Data segment →

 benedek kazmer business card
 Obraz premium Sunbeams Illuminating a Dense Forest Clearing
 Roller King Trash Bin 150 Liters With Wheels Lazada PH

Task goal →
For this exercise, write out all of the data exactly.

Written response →
 benedek kazmer business card
 Obraz premium Sunbeams Illuminating a Dense Forest Clearing
 Roller King Trash Bin 150 Liters With Wheels Lazada PH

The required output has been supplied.